The rules are well intended, meant to make sure the public is safe, but rule makers forget that rules have unintended consequences.
"They've set up a situation where you have to have a $40,000 kitchen to feed someone who's going to get their food from questionable sources at best," said Fender.
"Looking at these rules, I'm overwhelmed," I told Chairman Connolly. "It just goes on and on for hundreds of pages… Do you ever think government has too many rules?"
"Absolutely," he said. "I think sometimes the rules overpower common sense."
"What if the health department had been around when Jesus was feeding the poor?"
"He might have been, you know, cited," Connolly said with a laugh.
Chairman Connolly quickly exempted the churches from the regulations.
I'm glad the churches feeding the poor squeaked past the food police this time, but bureaucratic rules kill all kinds of good things, always in the name of making things better.
In Santa Barbara, Calif., pedi-cabs -- small carriages pulled by a man on a bicycle -- used to take people around and often kept people out of cars late at night after they'd been drinking. But they no longer offer free rides, because new safety regulations drove them out of business.
In North Carolina, a couple of grannies were sewing quilts at home and then selling them… without a license. The government put a stop to this brazen criminality. The grannies are now out of business.
And just this week, the food police in my hometown decided to protect us from trans-fats, so they banned them from every restaurant.
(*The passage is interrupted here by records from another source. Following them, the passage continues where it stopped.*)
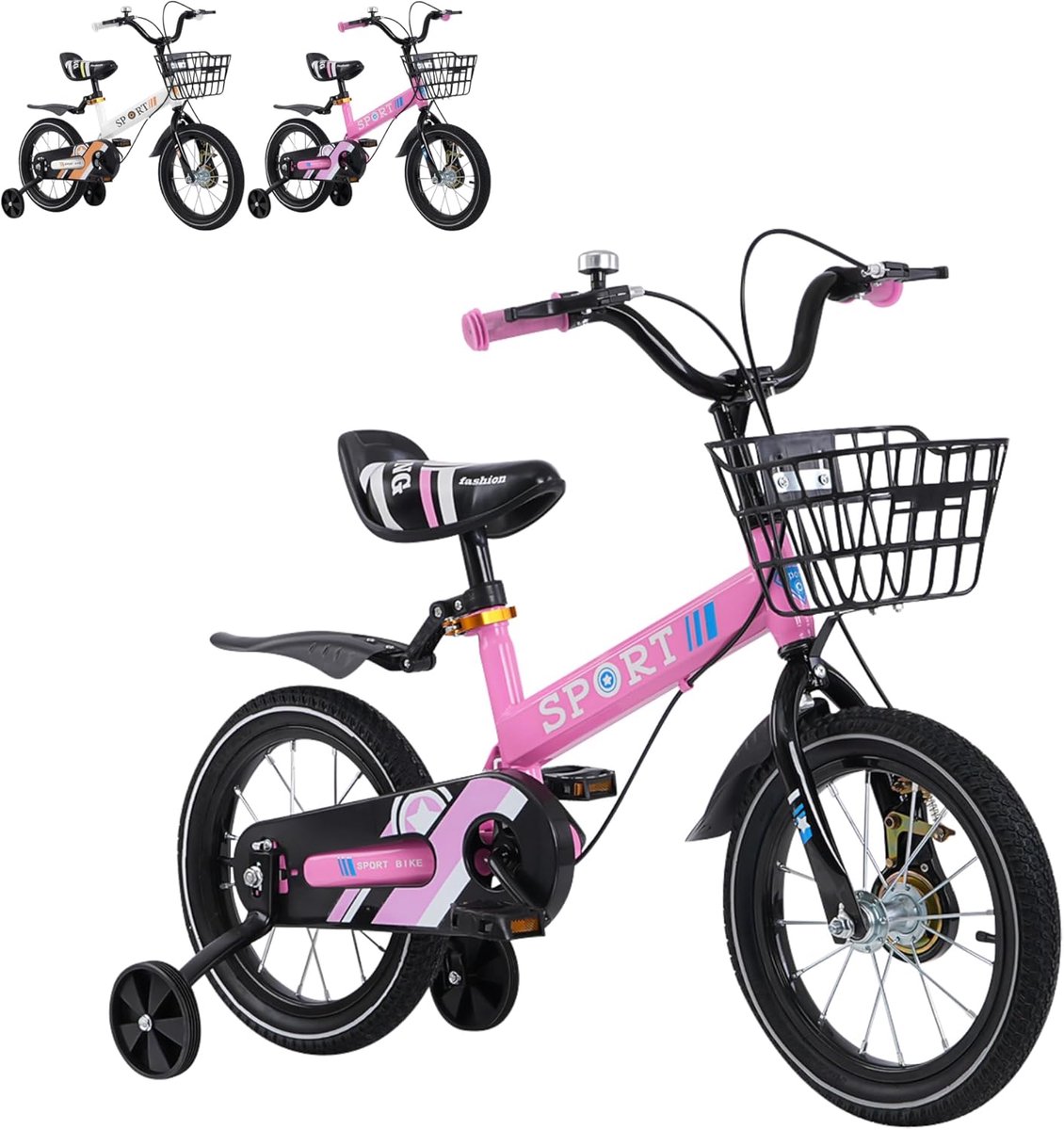 Kinderfiets met steunwielen Loopfiets voor kinderen Leren fietsen Stevig koolstofstaal frame 14 inch Roze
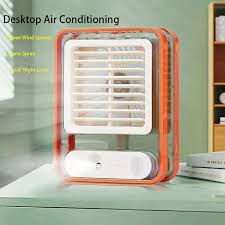 Portable Table Air Conditioner Humidifier Fan Rechargeable Misting Spray Office Fan Smart Lamp Oscillating Bladeless Fan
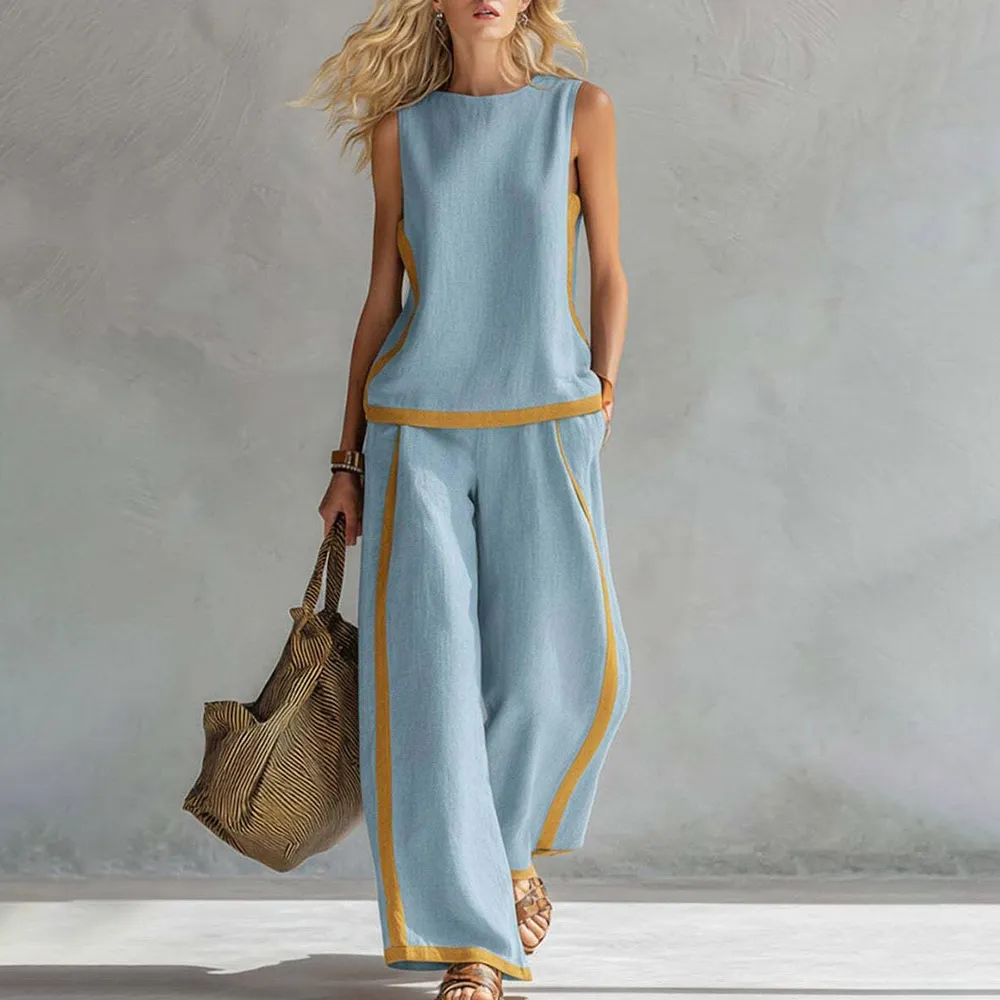Linen Blend 2-Piece Set for Women Sleeveless Color Block Top Wide Leg Pants Set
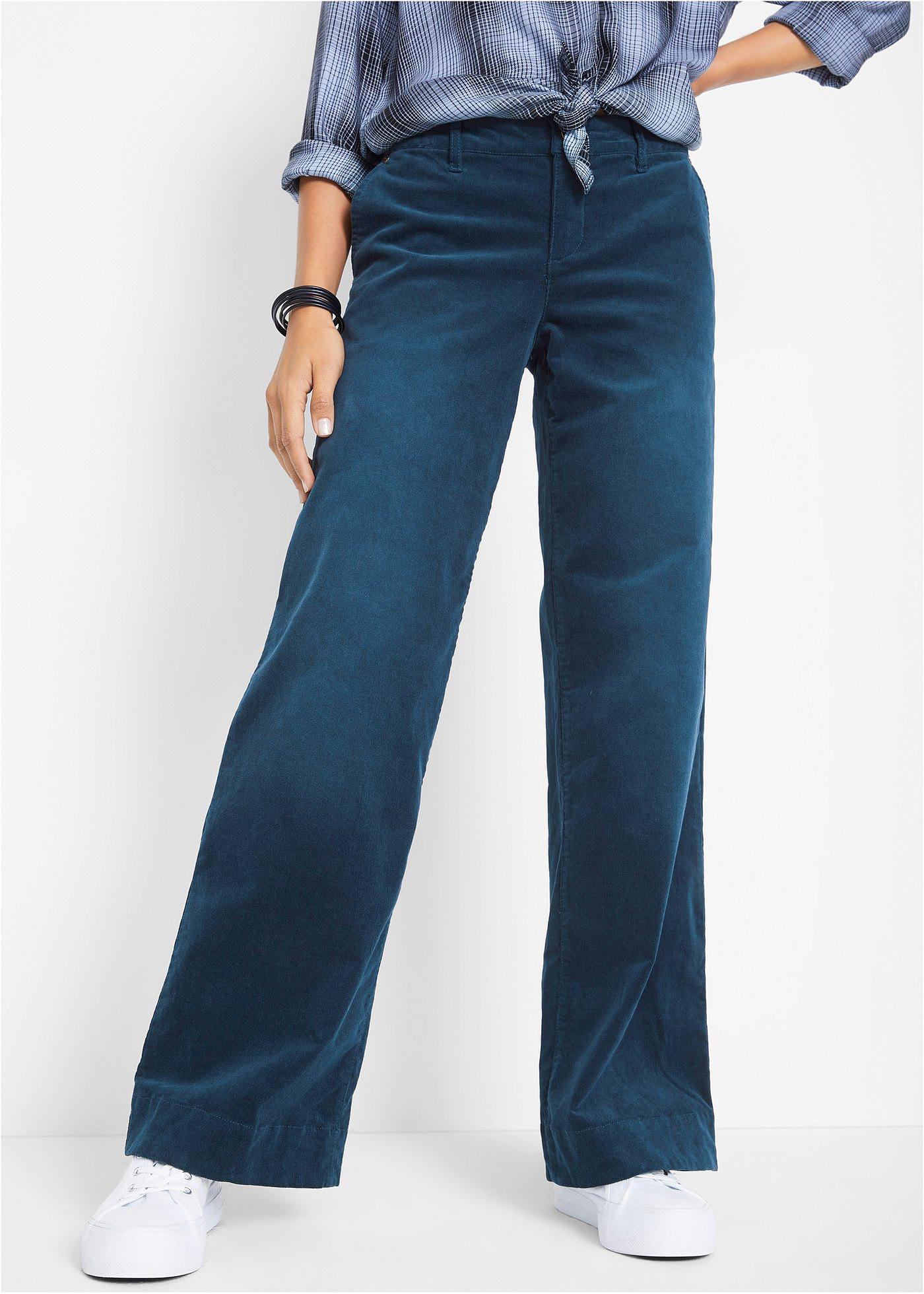 Spodnie sztruksowe ze stretchem, wide leg - Bonprix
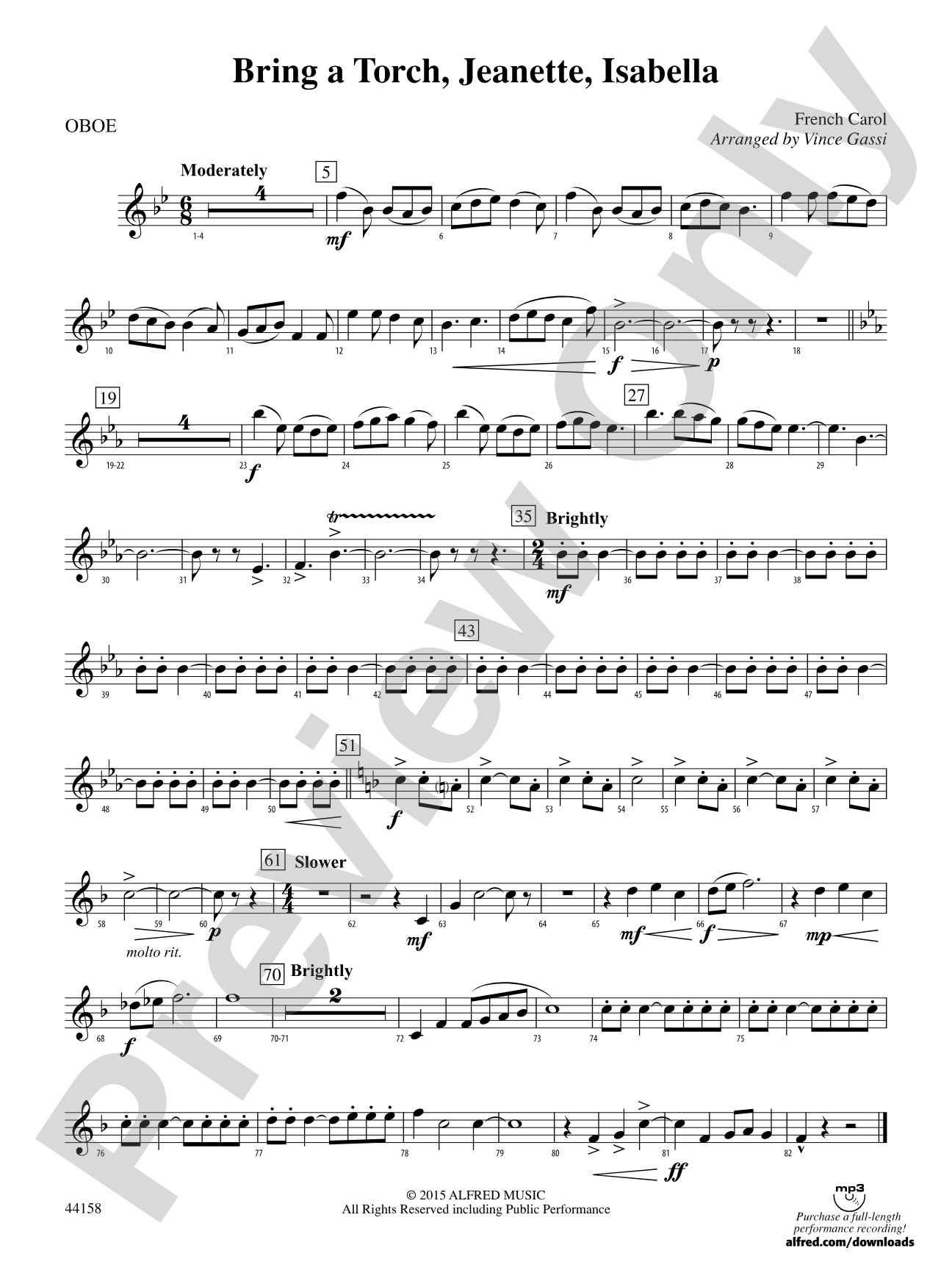 Bring a Torch, Jeanette, Isabella: Oboe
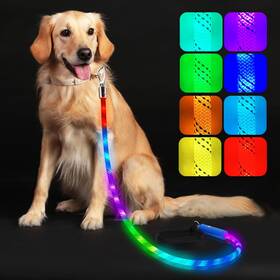 B0dsbg3m1c Xeuch Led Light Up Dog Leash 13 Lighting Modes Rechargeable Night Walking 5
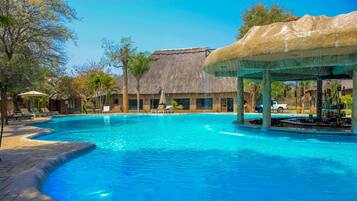 2 outdoor pools, pool umbrellas, sun loungers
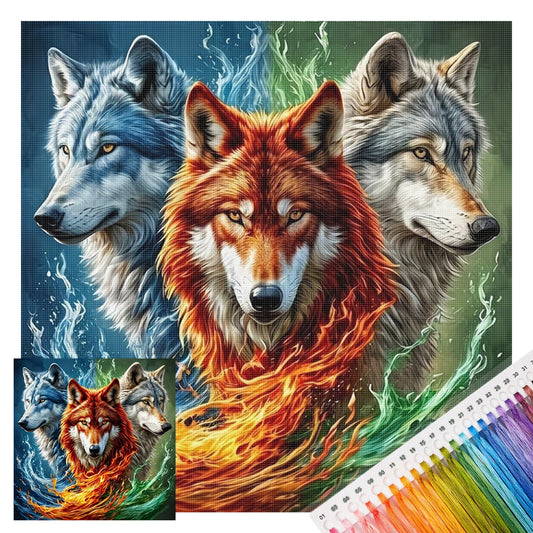 Wasser Feuer Geist Wolf - Vollständiges 11CT gestempeltes Kreuzstich-Set 45x45CM - Huacan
The New York Times called it, "a model for other cities."
George Mason University economist Donald Boudreaux saw that and said, "A model for what, exactly? For petty tyranny? What other voluntary activities will they ban? Clerking in convenience stores? Walking in the rain?"
"Bureaucracies don't understand exactly what's going on," said Chesson. "We don't want to have to break the law, OK?"
It's nice that Fairfax County rescinded the no-cooking rule, but why should free people have to beg for special dispensation?
"Fairfax is stepping back," said a homeless man we spoke to. "They're not going to enforce it… for now. This year… What about next year?"
Right. If you've got connections, or catch the attention of the media, you can bask in your government leader's forgiveness… but the rest of us are still stuck with all the rules. It makes me and some homeless people in Fairfax County want to tell all the regulators: Give me a break!